Franklin Park is a census-designated place (CDP) in Broward County, Florida, United States. The population was 860 at the 2010 census.

Geography
Franklin Park is located at  (26.133404, -80.175808).

According to the United States Census Bureau, the CDP has a total area of 0.2 km (0.1 mi2), all land.

Demographics

At the 2000 census, there were 943 people, 308 households and 218 families residing in the CDP. The population density was 5,201.3/km (13,817.5/mi2). There were 322 housing units at an average density of 1,776.1/km (4,718.2/mi2). The racial makeup of the CDP was 0.64% White, 97.56% African American, 0.11% Native American, 0.32% from other races, and 1.38% from two or more races.

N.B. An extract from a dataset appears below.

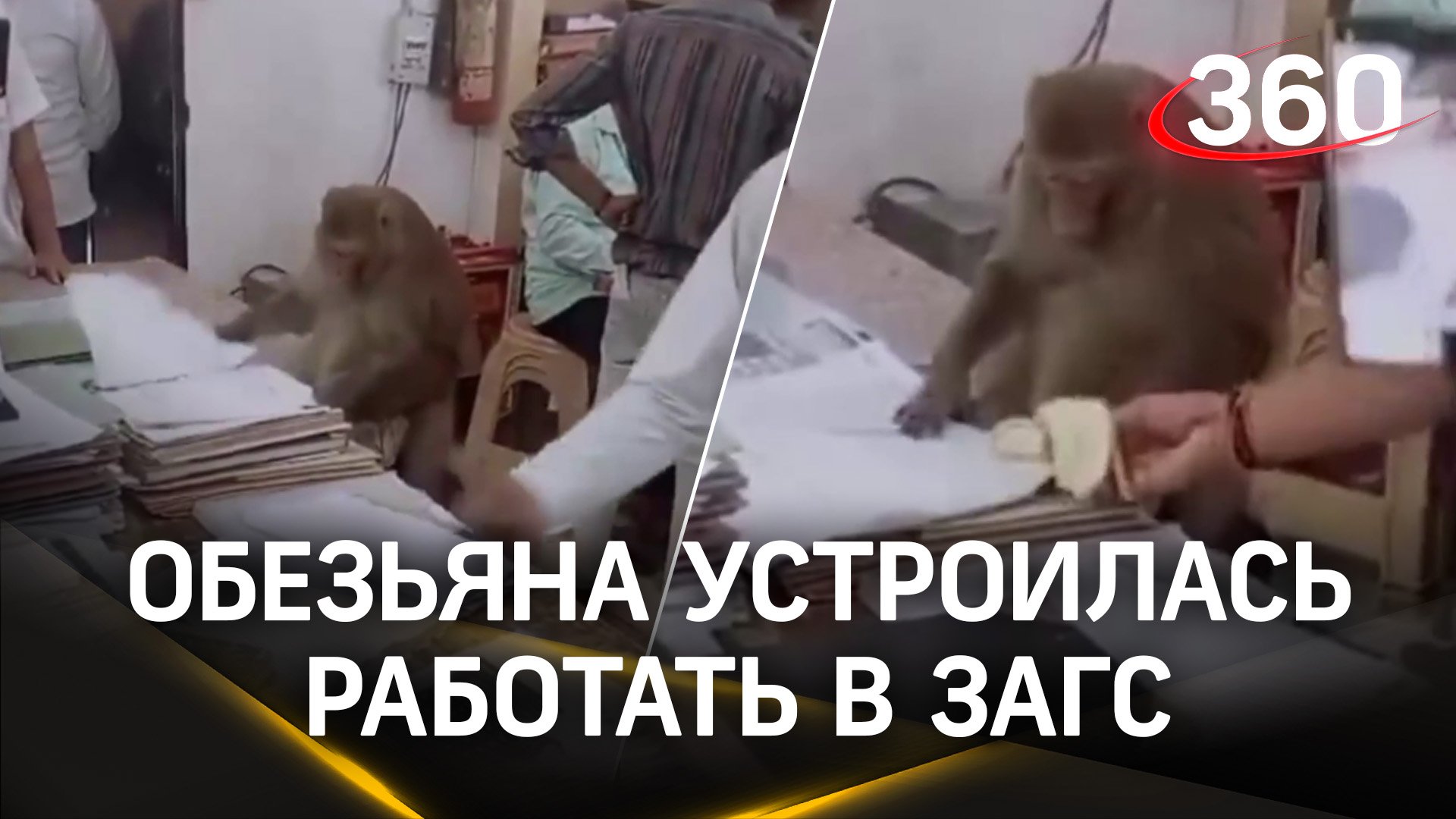 В Индии обезьяна пробралась в офис и начала работать с документами. Оплата бананами?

Hispanic or Latino of any race were 1.27% of the population.

There were 308 households, of which 44.8% had children under the age of 18 living with them, 18.8% were married couples living together, 41.9% had a female householder with no husband present, and 28.9% were non-families. 20.1% of all households were made up of individuals, and 4.9% had someone living alone who was 65 years of age or older. The average household size was 3.06 and the average family size was 3.51.

Age distribution was 42.6% under the age of 18, 10.2% from 18 to 24, 29.6% from 25 to 44, 13.3% from 45 to 64, and 4.3% who were 65 years of age or older. The median age was 24 years. For every 100 females, there were 84.2 males. For every 100 females age 18 and over, there were 76.2 males.

The median household income was $23,311, and the median family income was $23,007. Males had a median income of $17,679 versus $16,641 for females. The per capita income for the CDP was $6,583. About 35.4% of families and 38.2% of the population were below the poverty line, including 46.3% of those under age 18 and none of those age 65 or over.

In 2000, English as a first language accounted for 97.37% of all residents, while Spanish was the mother tongue for 2.62% of the population.